文鳥文庫全部読むシリーズ、3作品目は芥川龍之介「白」です。

この作品は知りませんでした。芥川龍之介の作品ということもあり、少し文体が古く、読みにくいところがありました。

しかし、読み終えてみると「どうしてこんな面白い作品知らなかったんだ!」と驚きました。

今回はそんな「白」から、僕が最も共感した「恐怖から生まれる優しさ」について書いていこうと思います。

あらすじ

白という真っ白な飼い犬がいました。
白はある日、犬殺しが友人の犬である黒を襲おうとしているのを発見します。
「危ない!」と声を掛けようとしましたが、恐怖で逃げてしまい、家に着くと白は真っ黒になっていました。
真っ黒になった白は飼い主に白だと気づいてもらえず家を追い出されます。
ひとりで東京を歩く日々でしたが、いじめられた犬の声をきっかけに白は人助けを始め新聞を賑わせます。
そして、ある日・・・
(筆者が作成)

今回も短編の肝であるオチは省略しました。正直、この作品は結末を楽しむというより白の心境の変化を追うのがメインだと思いましたが、気になる方は青空文庫等で無料で読めるのでぜひ読んでみて欲しいです!

恐怖から生まれる優しさ

今回最も共感したのはタイトルにある通り、白が抱いた「恐怖から生まれる優しさ」です。

あらすじにもある通り、真っ黒になった白は人助けをします。しかし、人助けをした理由は前向きなものではなさそうです。

「お月様! お月様! わたしは黒君を見殺しにしました。わたしの体のまっ黒になったのも、大かたそのせいかと思っています。しかしわたしはお嬢さんや坊ちゃんにお別れ申してから、あらゆる危険と戦って来ました。それは一つには何かの拍子に煤(すす)よりも黒い体を見ると、臆病を恥じる気が起ったからです。けれどもしまいには黒いのがいやさに、――この黒いわたしを殺したさに、あるいは火の中へ飛びこんだり、あるいはまた狼と戦ったりしました。(芥川龍之介,「白」より引用,ルビおよび強調は筆者が加えたもの)

人助けをした理由、それは自分を殺したいというかなり自傷的なものだったんです。

このような行為は、外の人たちから見れば「人助けをした勇敢な犬」と受け取られます。しかし、本当はそんなかっこいい理由じゃなくて自分が嫌いだから人を助けたんです。

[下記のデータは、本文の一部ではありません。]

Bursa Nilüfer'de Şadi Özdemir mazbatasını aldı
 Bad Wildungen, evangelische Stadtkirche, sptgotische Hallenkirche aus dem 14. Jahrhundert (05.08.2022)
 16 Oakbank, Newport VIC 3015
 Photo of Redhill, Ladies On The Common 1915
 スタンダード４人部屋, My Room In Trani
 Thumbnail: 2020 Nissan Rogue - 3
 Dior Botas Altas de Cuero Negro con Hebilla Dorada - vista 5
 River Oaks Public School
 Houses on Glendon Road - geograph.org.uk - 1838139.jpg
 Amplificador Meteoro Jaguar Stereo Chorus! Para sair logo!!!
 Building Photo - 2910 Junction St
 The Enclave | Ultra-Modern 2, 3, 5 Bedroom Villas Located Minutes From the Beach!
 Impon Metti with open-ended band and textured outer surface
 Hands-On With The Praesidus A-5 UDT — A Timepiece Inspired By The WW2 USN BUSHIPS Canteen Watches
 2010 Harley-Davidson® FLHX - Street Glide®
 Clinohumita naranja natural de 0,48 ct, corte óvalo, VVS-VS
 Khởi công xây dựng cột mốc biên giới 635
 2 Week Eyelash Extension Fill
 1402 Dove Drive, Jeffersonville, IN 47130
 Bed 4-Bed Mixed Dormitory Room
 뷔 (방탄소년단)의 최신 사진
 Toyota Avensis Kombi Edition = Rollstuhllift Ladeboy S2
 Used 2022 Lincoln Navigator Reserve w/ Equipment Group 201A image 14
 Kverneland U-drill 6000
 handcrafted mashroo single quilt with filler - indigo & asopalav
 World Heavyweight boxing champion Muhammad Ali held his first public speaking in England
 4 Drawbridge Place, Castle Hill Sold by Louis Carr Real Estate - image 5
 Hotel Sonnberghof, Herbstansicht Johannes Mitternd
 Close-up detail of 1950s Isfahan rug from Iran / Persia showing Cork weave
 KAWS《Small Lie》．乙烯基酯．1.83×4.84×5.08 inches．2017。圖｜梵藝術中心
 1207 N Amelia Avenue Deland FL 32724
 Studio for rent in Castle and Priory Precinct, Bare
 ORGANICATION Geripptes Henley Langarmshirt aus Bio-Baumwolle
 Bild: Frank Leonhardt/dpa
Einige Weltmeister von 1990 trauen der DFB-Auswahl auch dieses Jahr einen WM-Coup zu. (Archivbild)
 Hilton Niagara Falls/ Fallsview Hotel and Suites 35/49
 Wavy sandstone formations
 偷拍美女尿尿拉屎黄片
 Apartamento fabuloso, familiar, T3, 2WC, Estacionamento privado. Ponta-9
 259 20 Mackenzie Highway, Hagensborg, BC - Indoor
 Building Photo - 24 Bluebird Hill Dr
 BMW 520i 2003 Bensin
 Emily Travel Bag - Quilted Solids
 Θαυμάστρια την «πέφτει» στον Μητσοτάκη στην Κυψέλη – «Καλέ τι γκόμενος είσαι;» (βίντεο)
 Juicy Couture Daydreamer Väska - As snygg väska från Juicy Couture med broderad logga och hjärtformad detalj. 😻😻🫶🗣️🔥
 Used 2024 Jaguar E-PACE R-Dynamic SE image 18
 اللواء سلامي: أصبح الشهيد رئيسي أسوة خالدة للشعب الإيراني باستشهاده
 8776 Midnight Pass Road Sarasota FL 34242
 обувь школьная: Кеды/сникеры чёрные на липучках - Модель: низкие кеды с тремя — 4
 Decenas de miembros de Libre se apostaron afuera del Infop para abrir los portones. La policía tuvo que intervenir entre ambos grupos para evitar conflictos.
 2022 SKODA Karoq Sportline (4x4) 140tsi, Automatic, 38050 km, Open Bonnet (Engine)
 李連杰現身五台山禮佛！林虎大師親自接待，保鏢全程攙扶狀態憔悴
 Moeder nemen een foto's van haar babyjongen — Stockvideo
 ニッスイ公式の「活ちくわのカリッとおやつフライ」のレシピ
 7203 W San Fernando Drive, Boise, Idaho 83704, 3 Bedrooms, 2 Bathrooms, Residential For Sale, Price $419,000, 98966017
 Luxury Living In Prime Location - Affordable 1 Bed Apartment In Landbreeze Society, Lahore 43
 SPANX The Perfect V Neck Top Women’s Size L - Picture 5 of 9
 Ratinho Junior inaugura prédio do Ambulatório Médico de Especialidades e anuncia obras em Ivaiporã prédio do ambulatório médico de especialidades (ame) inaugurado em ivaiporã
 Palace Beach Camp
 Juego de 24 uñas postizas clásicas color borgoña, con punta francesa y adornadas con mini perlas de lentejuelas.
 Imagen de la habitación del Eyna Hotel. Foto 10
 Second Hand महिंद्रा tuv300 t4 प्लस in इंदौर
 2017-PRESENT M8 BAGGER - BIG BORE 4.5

こんな白を見ているとどうしても自分のことを考えてしまいます。

恐怖で練習を続けた塾講師のバイト

僕は大学入学時から塾講師のバイトをしておりました。

僕が所属していた塾では授業前、先輩の先生にどのように授業を進めるか、板書はどのようにするかを紙にまとめて提出しなければなりません。

バイトを始めた当初は「生徒のためになる授業をしたい!」と結構マジメに思っていました。しかし、この授業計画の提案が恐ろしい。

「この板書意味分からない」「ダメ、分かりにくい」

こんなことをバシバシ言われるわけです。お金を頂いている以上当然の苦労なのですが、僕にはこの時間が恐怖でしかありませんでした。

なので僕は逃げるように授業計画を練り続けました。当初の「生徒のためになる授業をしたい!」なんて輝かしい理想はホコリを被っています。

ですがそんなことをしていると授業の腕がメキメキ上がりました。

講習会のアンケートでは何度も1位になりました。恐怖で練り続けた授業が結局は生徒のためになる授業に繋がったわけです。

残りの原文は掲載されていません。